Masakan vegetarian Shōjinryōri berlanjut sebagai tradisi di kuil
agama Buddha dan makanan porsi kecil Kaisekiryōri (懐石料理?) bertahan hingga sekarang sebagai
hidangan upacara minum teh. Di bidang pertanian, tanaman sawi dan spinacia mulai ditanam secara besar-besaran. Di kota-kota mulai
banyak dijumpai rumah yang memiliki meja pendek yang disebut Chabudai sebagai pengganti nampan
berkaki yang disebut Ozen.
Keberadaan Chabudai yang bisa
dipakai sebagai meja makan untuk empat orang mengubah acara makan yang dulunya
dilakukan sendiri-sendiri dengan Ozen
pribadi menjadi acara berkumpul keluarga.

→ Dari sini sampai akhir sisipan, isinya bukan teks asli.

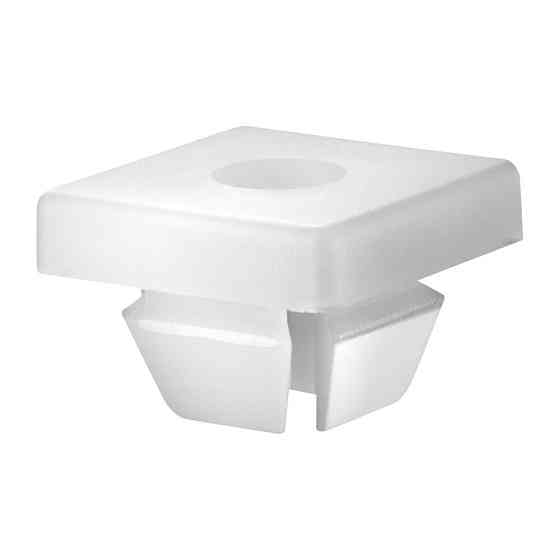 Вставка  3921446,  универс., Кузов, Освещение, Киев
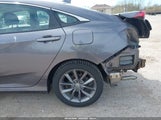 HONDA CIVIC EX 19XFC1F33KE018091 снимка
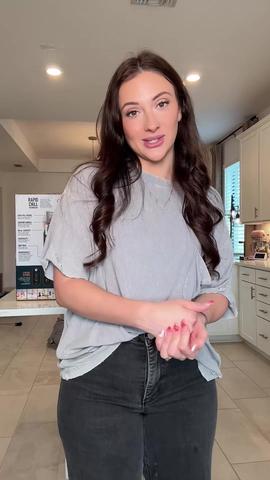 What products should I review next?! 🤪 #tiktokshopmademebuyit #honestreviews #honesttiktokshopreviews 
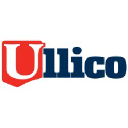 ULLICO logo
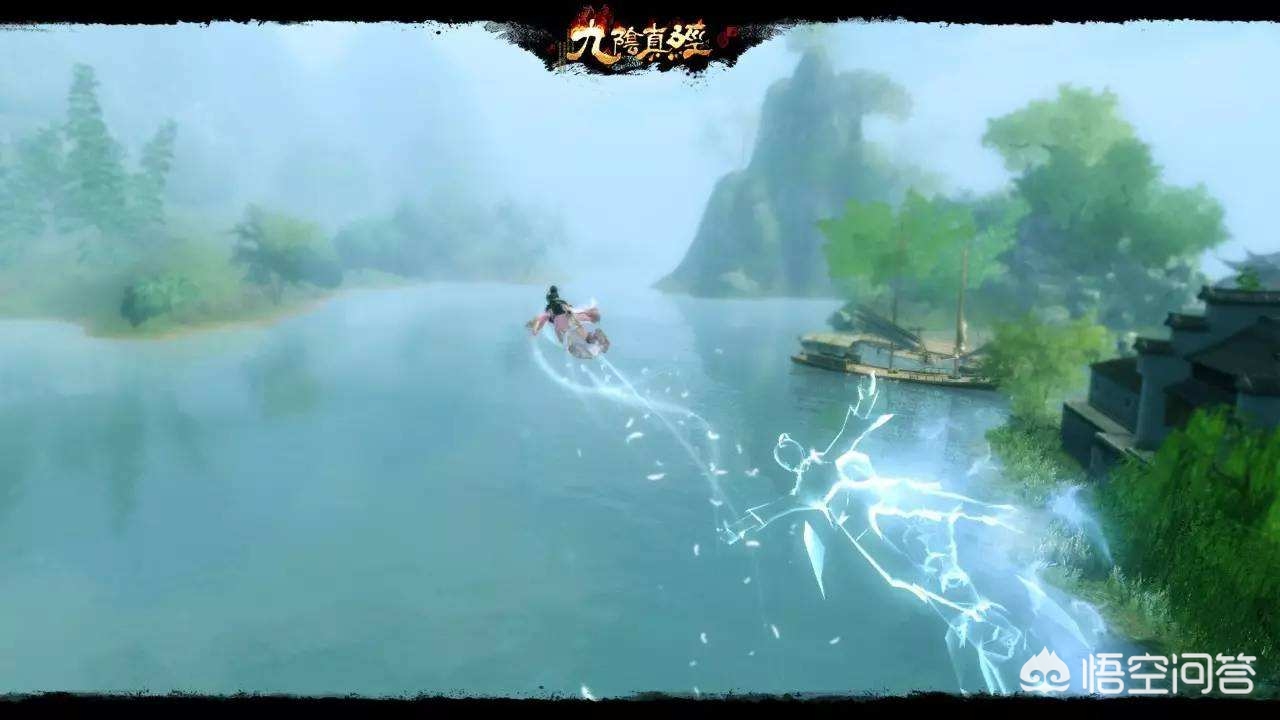 和平精英引擎opengl还是vulkan好？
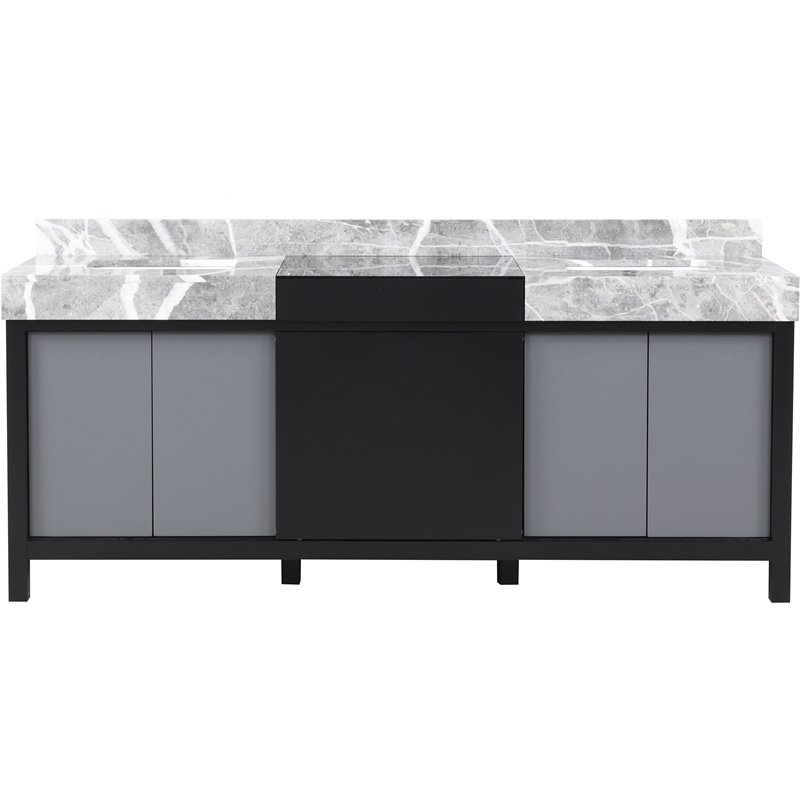 Lexora Home Zilara 80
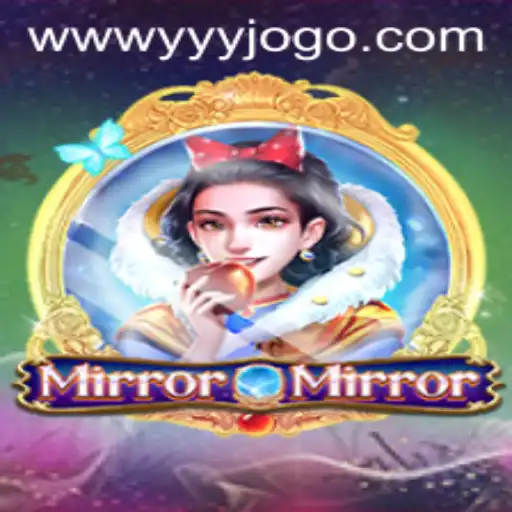 yyyjogo PH Login Blackjack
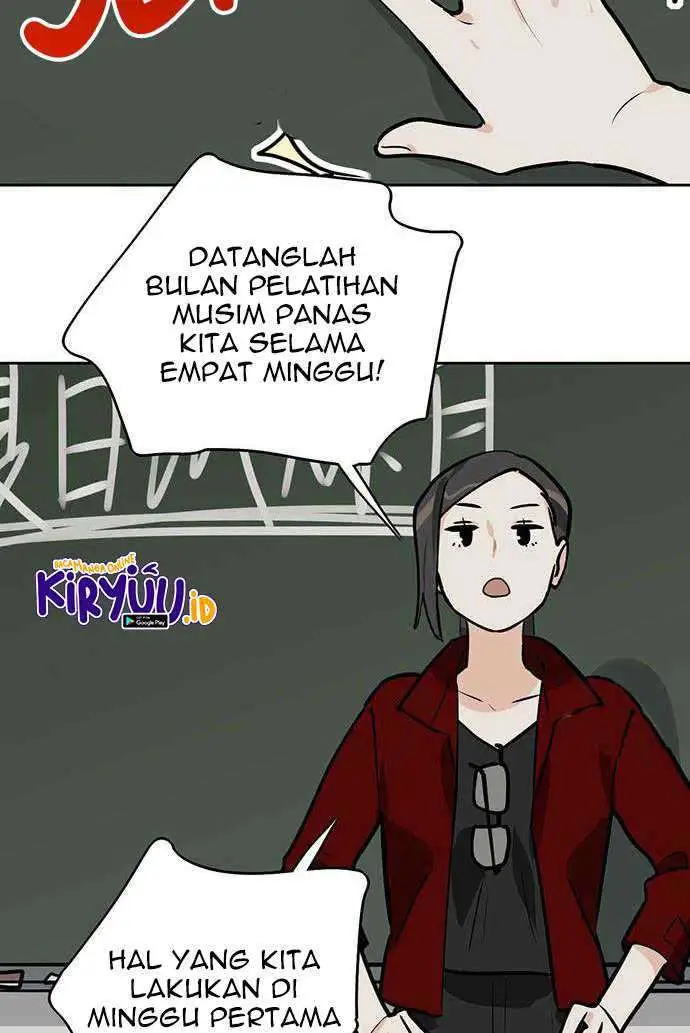 image-komik-my-girlfriend-is-a-villain-chapter-60-5/40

Juru masak pewaris tradisi masakan Edo
menjadi berkurang karena menjadi korban Gempa bumi besar Kanto dan tradisi masakan Honzen ryōri mulai memudar. Etiket makan mulai menjadi longgar dan orang
Jepang semakin menyukai suasana santai sewaktu makan. Setelah Perang Dunia II, kemudahan transportasi
dan kemajuan bidang komunikasi menyebabkan tipisnya perbedaan antardaerah dalam
soal bahan makanan dan cara memasak untuk makanan yang sama, walaupun masih
tersisa perbedaan mendasar dalam soal bumbu dan selera.